WHAT IS EXPECTED
Stop at the line containing "Psoriosis gyrata, Delineations": repeat exactly every line of the entries below from the first up to it, plus that line, with pictures omitted.

··· INPUT FOR THIS TASK ···

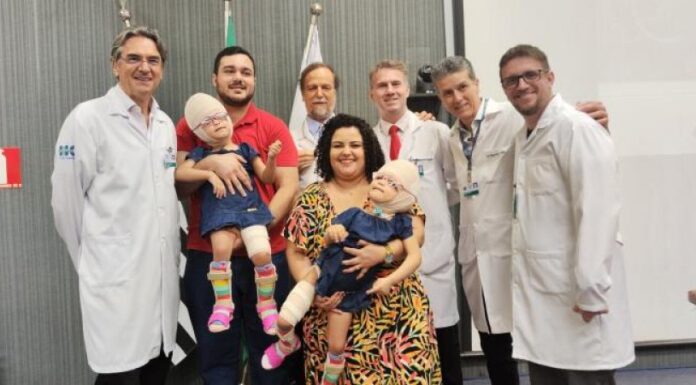 Após 12 meses de cirurgias, gêmeas siamesas separadas voltam para Piquerobi neste sábado
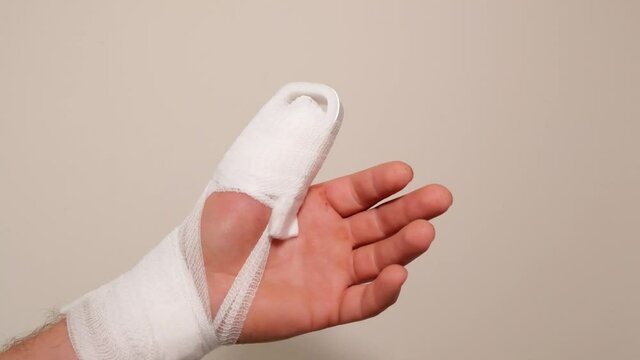 White bandages and a splint on the arm.Broken arm.Bandage and splint on the finger.Bandaged hand.Fractures and sprains.Medicine concept. Surgical dressing. 4k footage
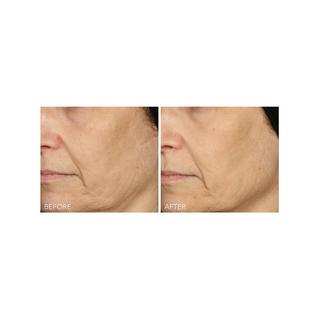 Dr Dennis Gross  Vitamin C + Lactic - Serum mit 15% Vitamin C Straffung und Strahlkraft 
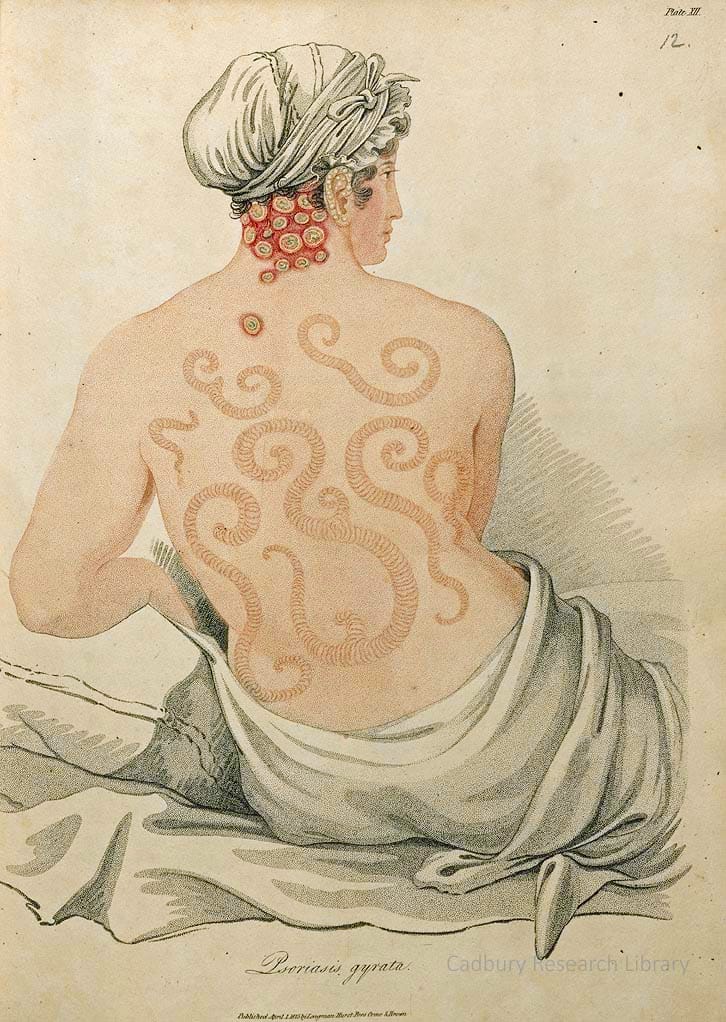 Psoriosis gyrata, Delineations of Cutaneous Diseases, Bateman 1828 Cadbury Research Library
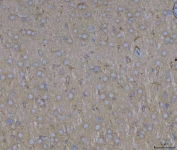 IHC staining of FFPE rat brain tissue with ADAM22 antibody. HIER: boil tissue sections in pH8 EDTA for 20 min and allow to cool before testing.
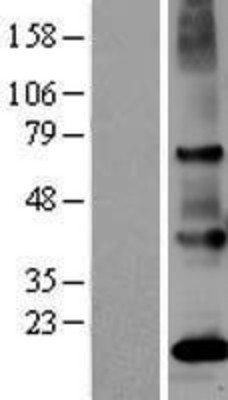 Western Blot: PSGR Overexpression Lysate (Adult Normal) [NBL1-13961] Left-Empty vector transfected control cell lysate (HEK293 cell lysate); Right -Over-expression Lysate for PSGR.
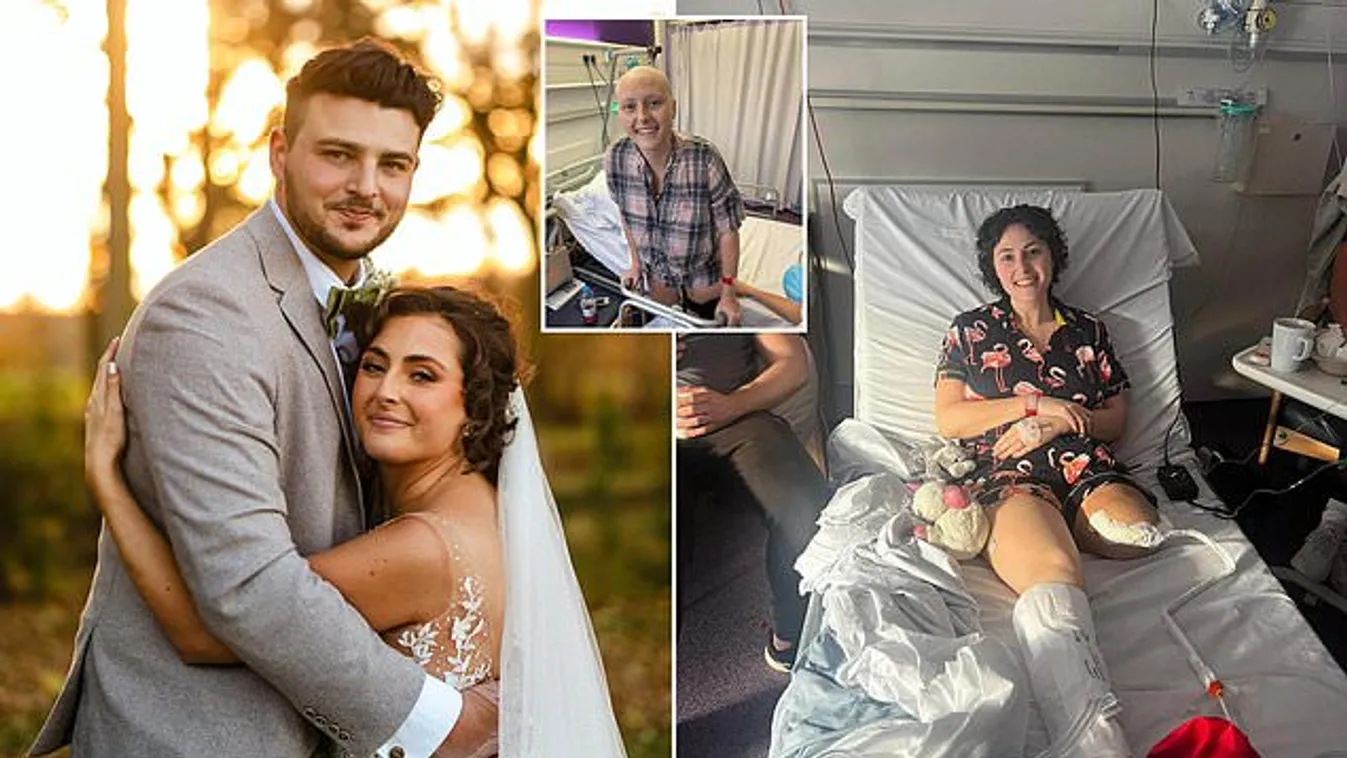 Feláldozta a lábát, hogy legyőzze a rákot a 28 éves nő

···

OUTPUT BELOW
 Após 12 meses de cirurgias, gêmeas siamesas separadas voltam para Piquerobi neste sábado
 White bandages and a splint on the arm.Broken arm.Bandage and splint on the finger.Bandaged hand.Fractures and sprains.Medicine concept. Surgical dressing. 4k footage
 Dr Dennis Gross  Vitamin C + Lactic - Serum mit 15% Vitamin C Straffung und Strahlkraft 
 Psoriosis gyrata, Delineations of Cutaneous Diseases, Bateman 1828 Cadbury Research Library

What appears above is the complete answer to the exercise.